In the computer simulation method mentioned above, we screened four functional monomers for non-covalent imprinting to fit triazophos, and then the simulated optimized structures were assembled into Figure 2. The theory holds that two genres of functional monomers combined with a template could mutually promote the bond energy, so that the numerical value of binding energy of the complexes formed between a template and functional monomer could increase; thus, the structure of the polymers would be more stable, and the selectivity of the MMIPs would be improved, which was indeed confirmed by many studies [22,34,35,36]. As shown in

Table 1. The minimum energy of four candidate functional monomers, and triazophos and the binding energies of the complexes.

Compounds	Minimum Energy (Ha)	Binding Energy (Ha)	Binding Energy (kJ mol−1)
MAA	−306.4925	/	/
4-VP	−325.6957	/	/
VPA	−646.3007	/	/
1-Oc	−706.9781	/	/
Triazophos	−1597.6121	/	/
Triazophos - MAA	−1904.1237	0.0191	50.1471
Triazophos - 4-VP	−1923.3311	0.0232	60.9116
Triazophos - VPA	−2243.9627	0.0499	131.0125
Triazophos - 1-Oc	−2304.7253	0.1351	354.7051
Triazophos-MAA-4-VP	−2229.8741	0.0738	193.7619
Triazophos-MAA-VPA	−2550.5043	0.0990	259.9245
Triazophos-MAA-1-Oc	−2611.2362	0.1535	403.0143
Triazophos-4-VP-VPA	−2569.7154	0.1069	280.6660
Triazophos-4-VP-1-Oc	−2630.4462	0.1603	420.8677
Triazophos–VPA–1-Oc	−2951.0872	0.1963	515.3857

, triazophos–VPA–1-Oc was the optimal complex with the highest binding energy. The functional monomer VPA could form hydrogen bonds and similar polarity attraction with OPPs molecules to enhance the order of intermolecular binding and form a structurally-ordered imprinted polymer [37]. The non-polar carbon chain of the weak polar functional monomer 1-Oc could interact with weak polar or non-polar functional groups in the OPPs molecules to form a hydrophobic interaction force, strengthen the specific adsorption of OPPs by molecular imprinting materials, and make the imprinting cavity more stable, and have stronger bonding and higher selectivity [38].

3.1.2. Optimizing the Molar Ratio of Triazophos to VPA and 1-Oc

The poor predictability of the experiment and the lack of theoretical guidance during the preparation process are major problems in screening-imprinted systems. In recent years, with the developments of quantum chemistry and computer technology, molecular simulation technology has been applied to molecular imprinting to predict and confirm the binding of template-monomer complexes.
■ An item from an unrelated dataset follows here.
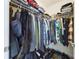 Organized walk-in closet with shelving and hanging space for storage at 1155 Towergate Cir, Lake Wales, FL 33853
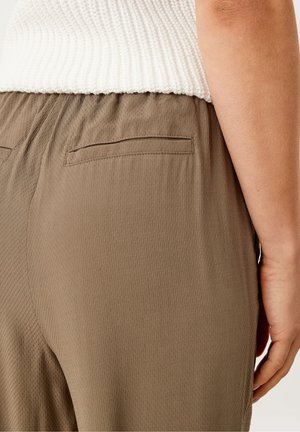 La main droite repose le long du corps, portant un pantalon beige texturé et un haut blanc en maille visible à la taille.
The greater the binding energy, the more combined energy released, and the more easily they react, the more stable the complex that is formed [39]. On the basis of the optimal, functional monomers screened (VPA and 1-Oc) for triazophos, as mentioned above, the molar ratios of triazophos, VPA, and 1-Oc were also optimized by molecular simulation. The binding energy of the complex was highest (2174.7017 kJ mol⁻¹) when the molar ratio of triazophos:VPA:1-Oc was 1:4:4 (Figure 3). With the molar ratio increasing, the ΔEs of complexes increased, whereas continual increasing of the amount of VPA and 1-Oc can cause the decreasing of the ΔE of complexes. Perhaps an excessive molar amount can cause the structure of the pre-assembled complexes which are too disordered to bond.

3.2. Optimization of the Synthesis of MMIPs

According to the adsorption effect of monofunctional, monomer-imprinted polymers (

Table 2. Experimental verification of the adsorption capacity of imprinted polymer formed by triazophos and one out of four candidate functional monomers.

Monomer	Q (mmol g−1)		α
	MMIPs	MNIPs
MAA	0.2209	0.0898	2.460
4-VP	0.2315	0.0902	2.567
VPA	0.2435	0.0811	3.003
1-Oc	0.2599	0.0831	3.128

), both VPA–MMIPs and 1-Oc–MMIPs had higher adsorption capacities: 0.2435 mmol g⁻¹ (α = 3.003) and 0.2599 mmol g⁻¹ (α = 3.128), respectively. With VPA and 1-Oc as dual functional monomers, VPA+1-Oc–MMIPs were prepared. When the molar ratio of triazophos–VPA–1-Oc pre-assembled complex was 1:1:1 and 1:4:4, the adsorption capacity reached saturated state with the maximum Q = 0.2656 mmol g⁻¹ (α = 3.3878) and Q = 0.3198 mmol g⁻¹ (α = 4.059), respectively (Figure 4). Moderately increasing the amount of the dual functional monomers could raise the adsorption capacity of prepared MMIPs. Taking into account all the results of molecular simulation and experimental polymerization procedure, the optimal dual functional monomers for triazophos were VPA and 1-Oc. The optimum molar ratio of triazophos, VPA, and 1-Oc for preparing MMIPs was 1:4:4. That is to say, the data obtained from the molecular simulation above were reasonable.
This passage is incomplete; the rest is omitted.